Provided entries -

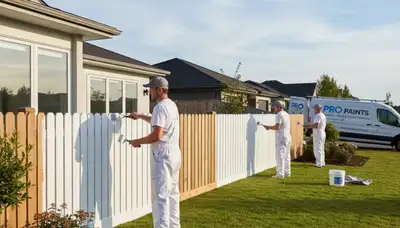 Professional fence painters staining wood fence in Milwaukee, WI for durable, weather-resistant finish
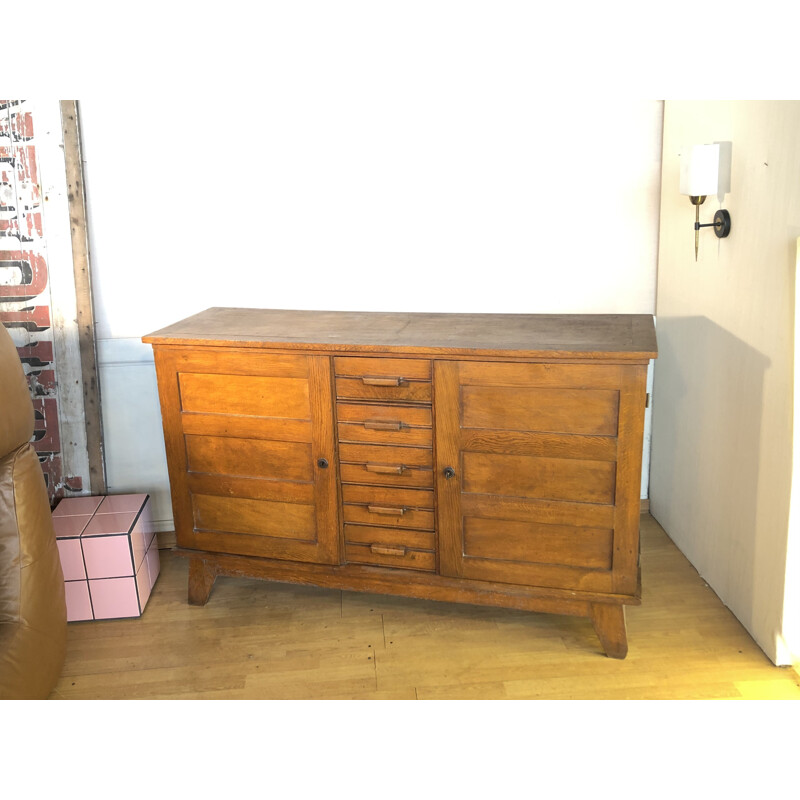 Vintage sideboard in light oak by René Gabriel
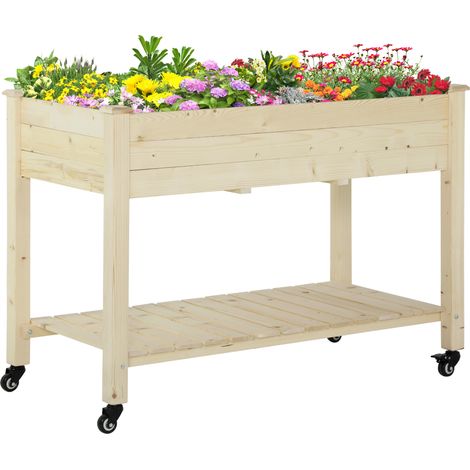 Hochbeet aus Holz mit Rollen und unterer Ablage, 118 x 55 x 83 cm, Naturholz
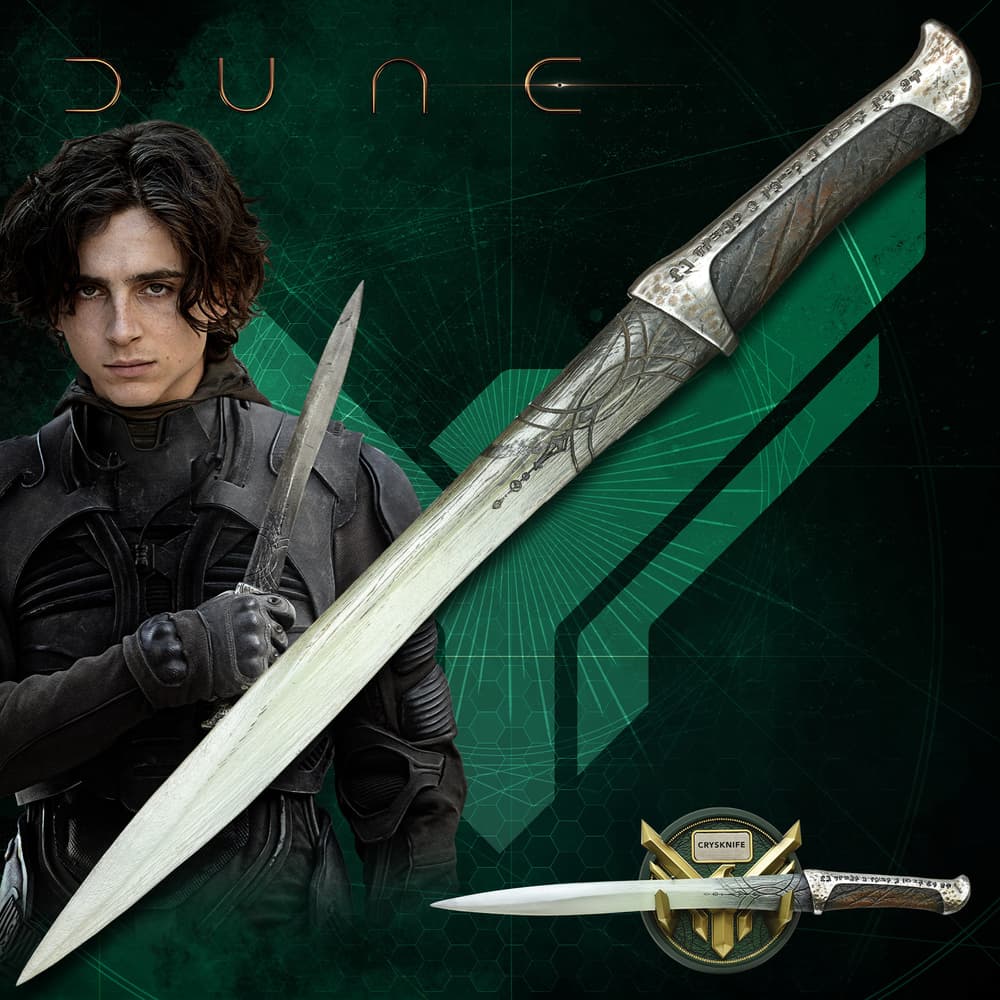 Character holding a detailed knife with intricate design image number 0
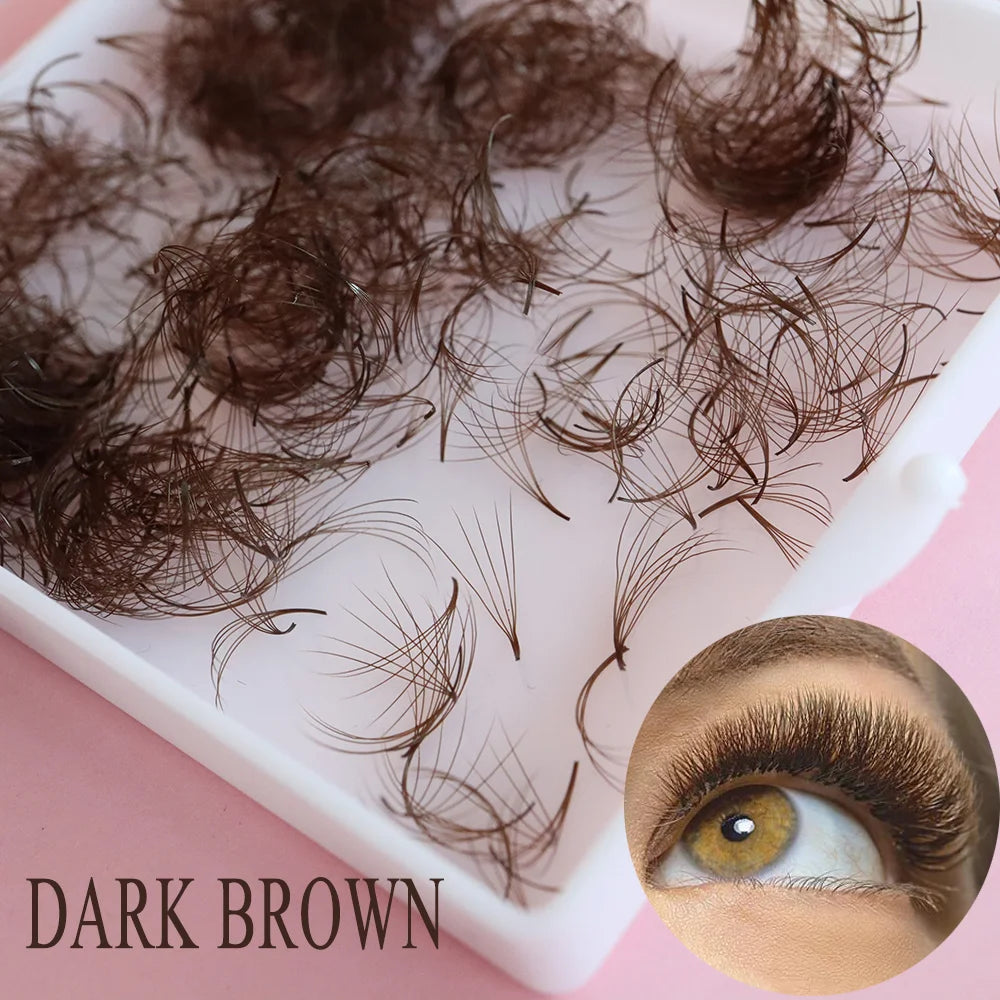 500Fans Dark Brown Color Lash Extensions Premade 5D Thin Root Loose Brown Promade Eyelashes Extensions For Cosplay Women Makeup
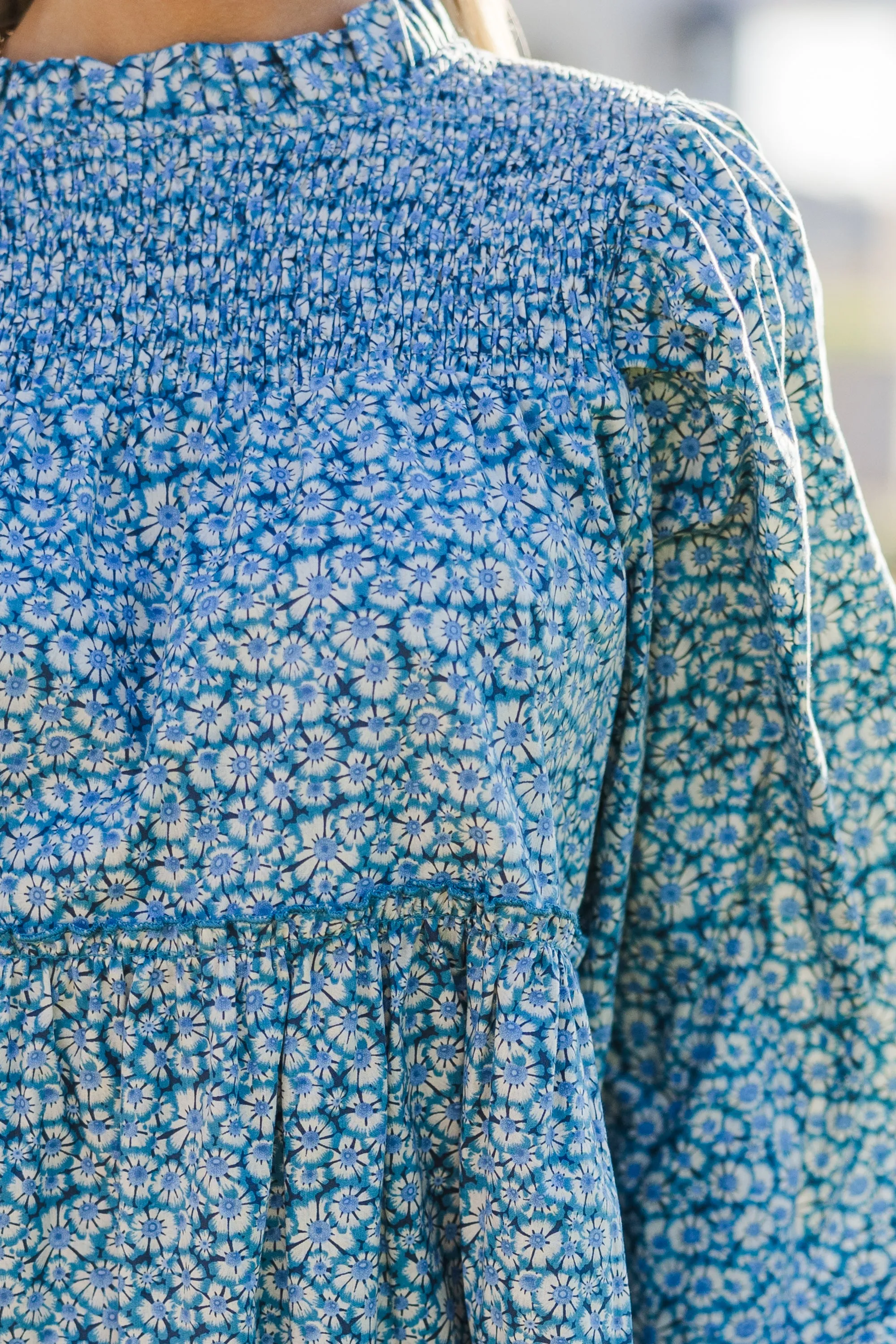 Be Your Best Blue Ditsy Floral Babydoll Dress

Goal of the exercise - The copy you produce must repeat all the entries exactly and contain no pictures.

Task solution -
 Professional fence painters staining wood fence in Milwaukee, WI for durable, weather-resistant finish
 Vintage sideboard in light oak by René Gabriel
 Hochbeet aus Holz mit Rollen und unterer Ablage, 118 x 55 x 83 cm, Naturholz
 Character holding a detailed knife with intricate design image number 0
 500Fans Dark Brown Color Lash Extensions Premade 5D Thin Root Loose Brown Promade Eyelashes Extensions For Cosplay Women Makeup
 Be Your Best Blue Ditsy Floral Babydoll Dress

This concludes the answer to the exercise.